The Founder
Direção: John Lee Hancock
Elenco: Michael Keaton, Nick Offerman, John Carroll Lynch, Laura Dern, Linda Cardellini, Patrick Wilson.
E.U.A, 2017.
Assisti ao filme Fome de Poder sobre Ray Kroc, homem que expandiu o McDonald\’s após o roubar dos verdadeiros fundadores. O filme demonstra porque a história da rede de fast food se confunde com a história do próprio capitalismo, sobretudo o capitalismo estadunidense.

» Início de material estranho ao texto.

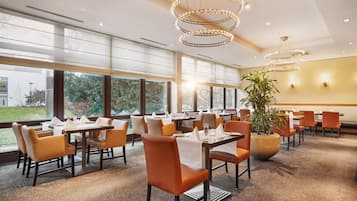 A restaurant with multiple tables, chairs, and a large window offering a view of the outdoors.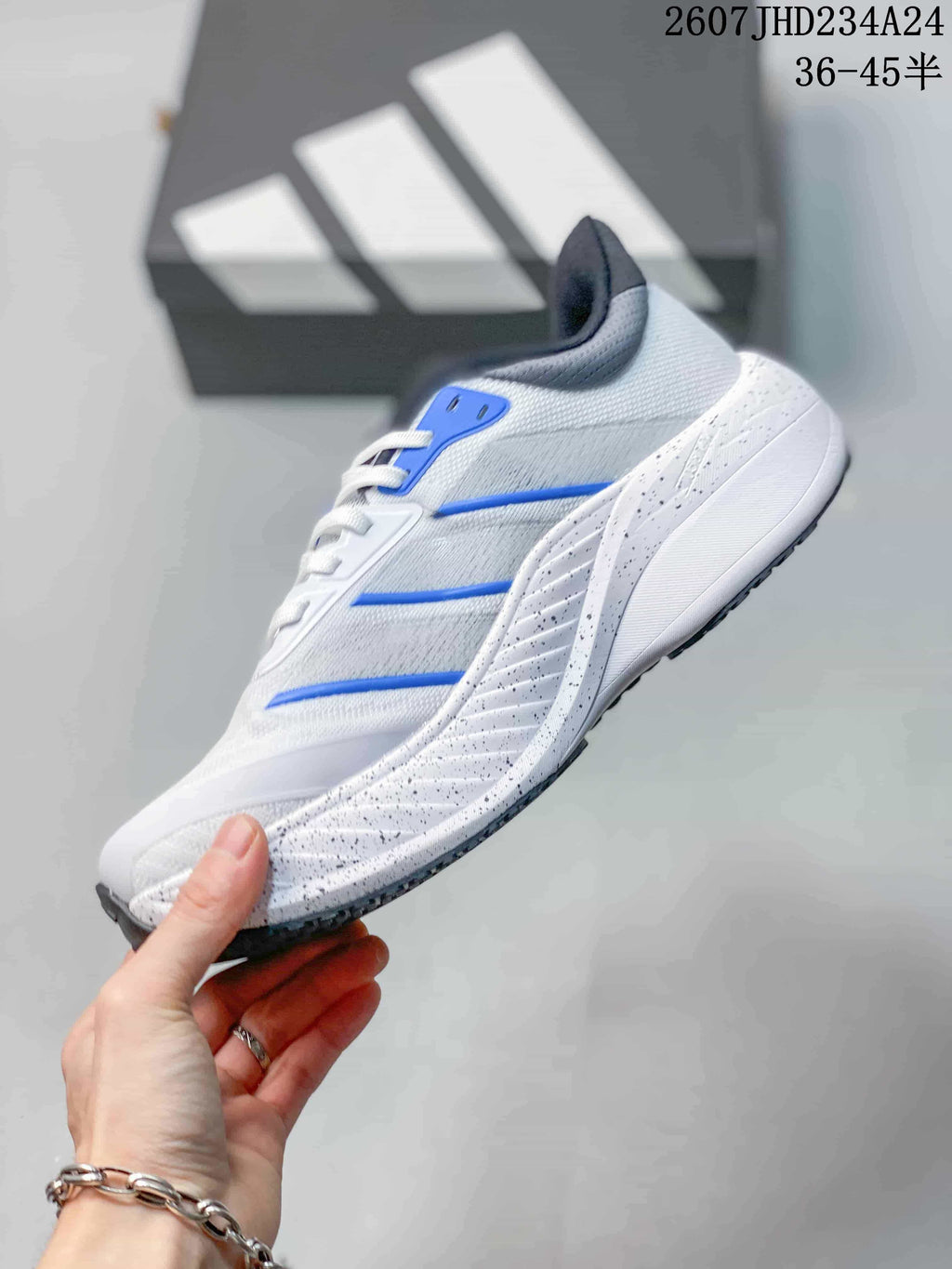 Side profile showing the white upper, blue accents and speckled layered midsole.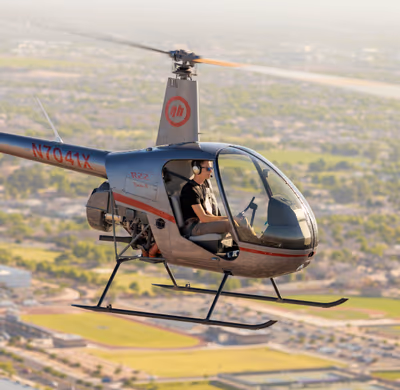 Student solo pilot flying Robinson R22 helicopter over Chandler, Arizona during training
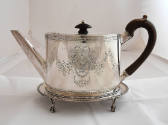 The reverse of the silver teapot adorned with bright-cut garlands, cartouches, beading and a wo…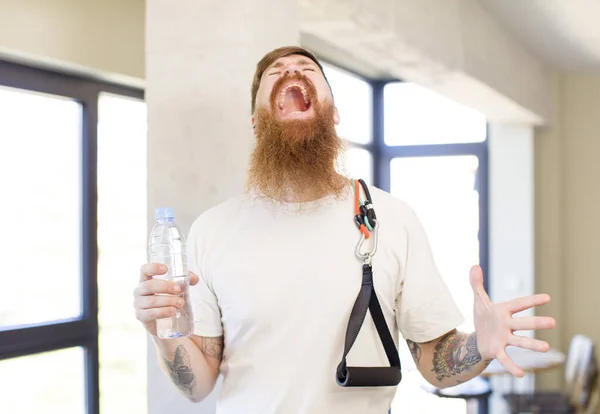 红头发的男人双手举着水瓶在空中尖叫 健身概念 — 图库照片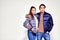 Fashion shot. Couple of young people in winter clothes posing at studio. Autumn and winter clothes
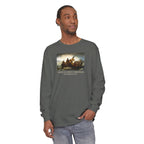 Man wearing a long-sleeve Pepper Comfort Colors t-shirt with Leutze's 'Washington Crossing the Delaware' with 'America's First Christmas December 25, 1776 printed below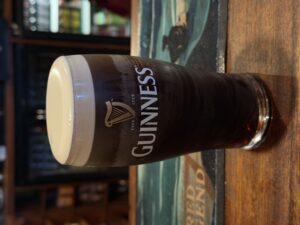Guinness pint at An Club on Tory Island, a perfectly poured stout in a cozy Irish bar interior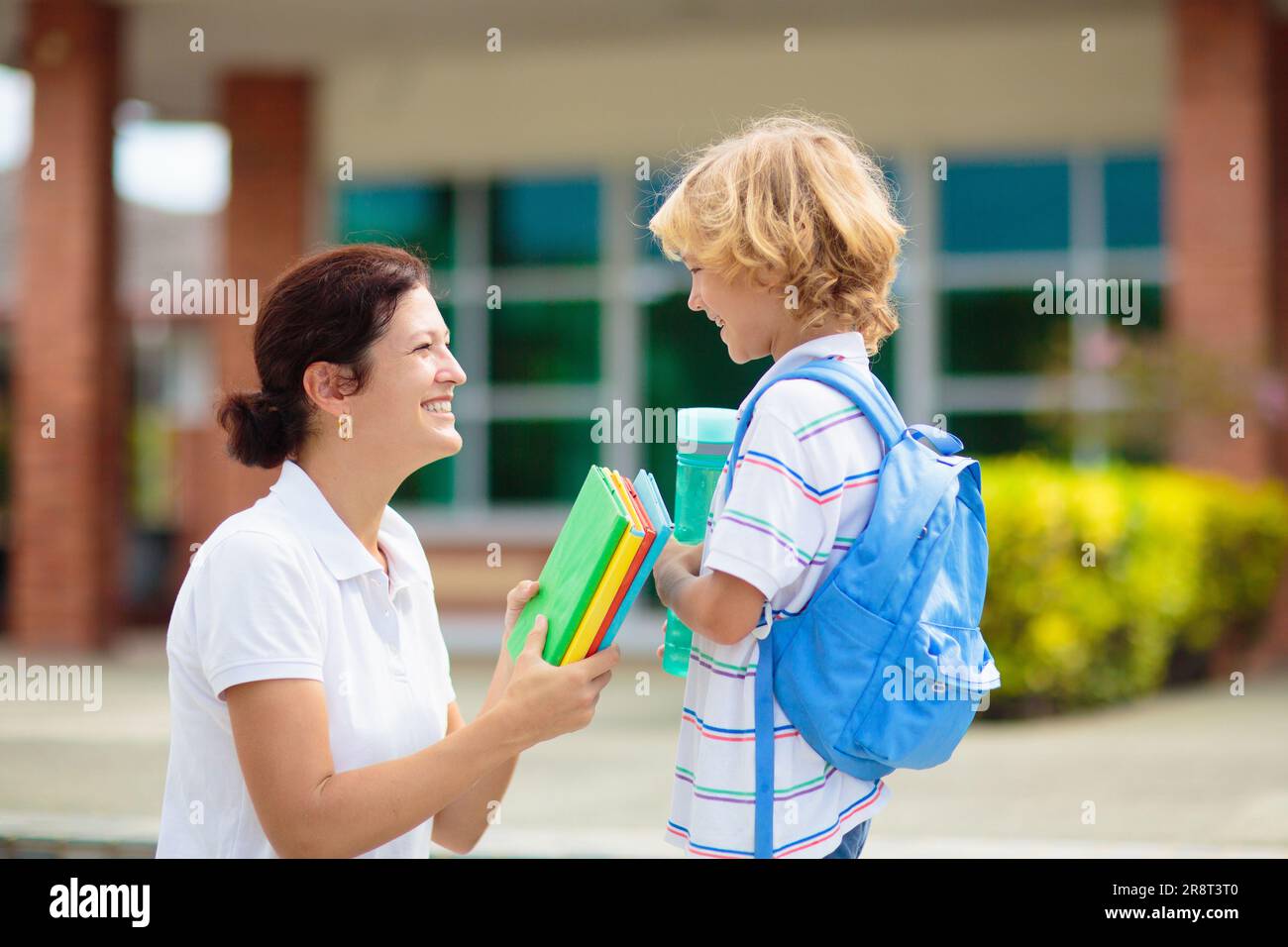 Mère amenant l'enfant à l'école. Les parents viennent chercher un petit garçon après le cours. Jeune maman qui prend un enfant après des leçons de maternelle ou d'école maternelle. Banque D'Images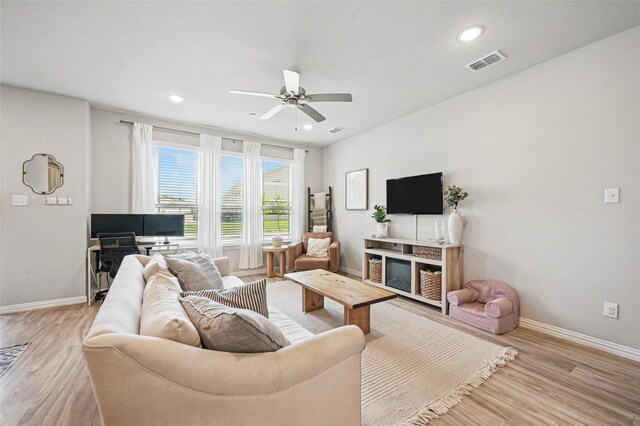 2409 Davenport Dr, Denton, TX 76207 - living room with light wood-type flooring, baseboards, a ceiling fan, and recessed lighting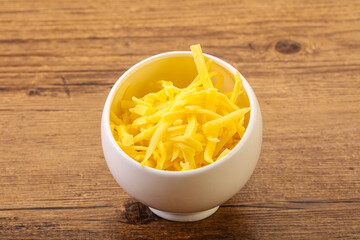 Shredded yellow cheese in the bowl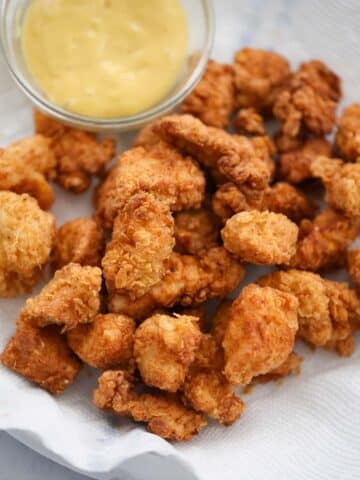 popcorn chicken on a plate with honey mustard on the side.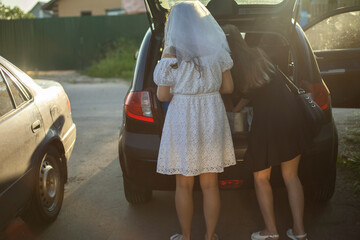 Bride is in parking lot. Bridesmaids at car dealerships. Trunk of car. Girls are getting ready for trip.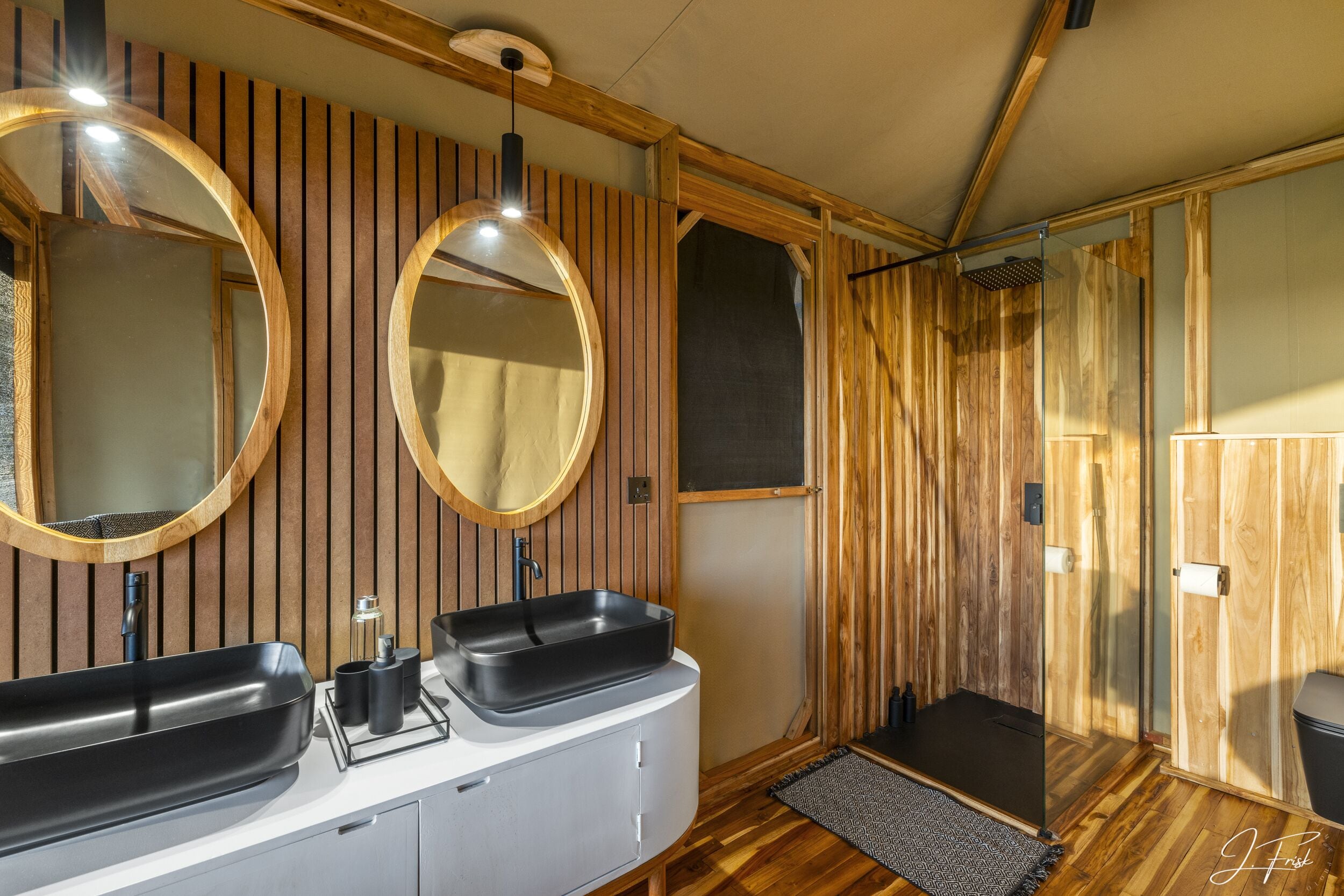 A modern bathroom with wooden paneling, a double sink, and a glass shower enclosure.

Na trama Ray Kroc (Michael Keaton), vendedor de Illinois recebe um pedido de equipamento para produção de milk shake que ele nunca viu na vida. Interessado, se dirige ao local, que se trata da lanchonete dos irmãos Richard e Maurice \”Mac\” McDonald (Nick Offerman e John Carroll Lynch) no sul da Califórnia. Lá Kroc ver uma movimentação de consumidores fenomenal. Após muita insistência ele adquire uma participação nos negócios com a promessa de conseguir criar várias franquias pelo país, e assim o faz, porém era só o começo para devagar tirar os dois irmãos da jogada (isso não é spoiler, pos já está na sinopse), por fim Kroc vai transformar a empresa no gigantesco império multinacional alimentício que é hoje.
Dirigido por John Lee Hancock de “Um Sonho Possível” tal qual aquele filme, que eu até gosto, a narrativa de Fome de Poder tem um quê de novela na forma como a trama é conduzida e nos diálogos e situações. Assim também como os problemas que afligem muitas biografias, como os personagens que tiveram importância na história contada, mas que mal aparecem no filme, caso de Fred L. Turner, que de operador de grelha se tornou CEO da empresa, no filme ele só faz figuração. Também as esposas que Kroc teve, Joan Smith (Linda Cardellini) e Ethel Kroc (Laura Dern), só cumprem função, não têm muito espaço. Dern nem se fala, está muito desperdiçada, suas cenas são só para mostrar como Kroc descartaria fácil sua esposa já que não achava que ela estava no seu ritmo de ambição. Há ainda Patrick Wilson como o primeiro marido de Joan, não sei porque, poderia ser qualquer cara no papel.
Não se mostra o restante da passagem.